Git Product home page Git Product logo

Comments (11)

sergiocorreia avatar sergiocorreia commented on July 21, 2024
  • Fetch filters from $DATADIR/filters (in Win and *nix) and then in path
  • The natural extension is to fetch filters from an external repo and dump them into $DATADIR/filters , but that would probably be another package

A few useful filters should be more easily available:

  • debug_json --> pretty print the resulting JSON
  • frequency --> print freq tables

from panflute.

sergiocorreia avatar sergiocorreia commented on July 21, 2024

from panflute.

sergiocorreia avatar sergiocorreia commented on July 21, 2024
  • add a OrderedDict when parsing every element, to avoid depending on a specific order of "t" and "c" content

from panflute.

ickc avatar ickc commented on July 21, 2024

Allow panflute to be run as a filter, where it calls the list of filters listed in the metadata.

Are there any interest in turning this repo to be a centralized panflute filters gallery?
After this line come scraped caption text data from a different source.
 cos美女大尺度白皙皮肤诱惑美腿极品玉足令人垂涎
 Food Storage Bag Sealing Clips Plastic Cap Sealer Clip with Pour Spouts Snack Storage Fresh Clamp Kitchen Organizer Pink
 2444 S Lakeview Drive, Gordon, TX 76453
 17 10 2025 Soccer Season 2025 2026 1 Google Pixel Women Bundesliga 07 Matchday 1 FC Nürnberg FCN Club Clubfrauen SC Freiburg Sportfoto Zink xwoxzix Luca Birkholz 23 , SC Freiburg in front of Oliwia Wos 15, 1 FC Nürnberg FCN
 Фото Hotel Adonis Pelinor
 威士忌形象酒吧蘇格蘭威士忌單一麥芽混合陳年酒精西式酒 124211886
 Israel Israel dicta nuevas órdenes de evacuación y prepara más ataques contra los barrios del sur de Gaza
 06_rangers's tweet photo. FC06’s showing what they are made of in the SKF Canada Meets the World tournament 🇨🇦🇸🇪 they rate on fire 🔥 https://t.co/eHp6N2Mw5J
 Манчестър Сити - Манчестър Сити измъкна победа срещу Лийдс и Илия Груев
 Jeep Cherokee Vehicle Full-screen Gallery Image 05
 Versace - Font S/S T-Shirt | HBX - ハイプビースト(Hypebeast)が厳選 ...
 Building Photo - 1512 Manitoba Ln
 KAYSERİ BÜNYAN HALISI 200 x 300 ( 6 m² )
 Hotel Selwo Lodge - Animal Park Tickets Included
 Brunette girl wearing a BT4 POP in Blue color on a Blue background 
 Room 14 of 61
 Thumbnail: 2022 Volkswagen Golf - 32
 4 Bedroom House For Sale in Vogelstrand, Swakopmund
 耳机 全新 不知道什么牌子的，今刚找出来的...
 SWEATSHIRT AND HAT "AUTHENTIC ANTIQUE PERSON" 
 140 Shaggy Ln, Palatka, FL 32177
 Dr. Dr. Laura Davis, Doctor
I'm building an extended version of panflute csv2table based on yours in ickc/pandoc-table-csv-test/panflute-csv2table.ipynb. I almost finished it (need to think about the exact metadata keys to use, cleanup, etc.) and am thinking about how to distribute it.

From pandoc-discuss we discussed the need of a centralized pandoc filters library, as well as being easy to install. I'm thinking may be we can start from panflute? So, say, everyone made pull-request of their scripts into panflute (with some minimum requirement, say, naming scheme, version numbering, etc.), and then they will be bundled with panflute, with the said metadata controls which filters are used. And all people need will be adding, say, --filter=panflute in the pandoc arg.

I am considering porting my pandoc-amsthm in panflute too. And I need a variants of pandoc-includes (the one on panflute seems great). I considered writing haskell filters but it is a pain to make sure the colleagues can install it. pip is much easier (because python is almost ubiquitous) but @jgm specifically said his pandocfilters isn't a centralized repository. So you are my last hope to streamline the use of pandoc filters. No pressure though. ๐Ÿ˜„

from panflute.

kdheepak avatar kdheepak commented on July 21, 2024

I agree that having a centralized repository will be the best path forward. Would this fit an organizational structure better?

from panflute.

sergiocorreia avatar sergiocorreia commented on July 21, 2024

This would be a cool thing to have. Now, how would this work exactly?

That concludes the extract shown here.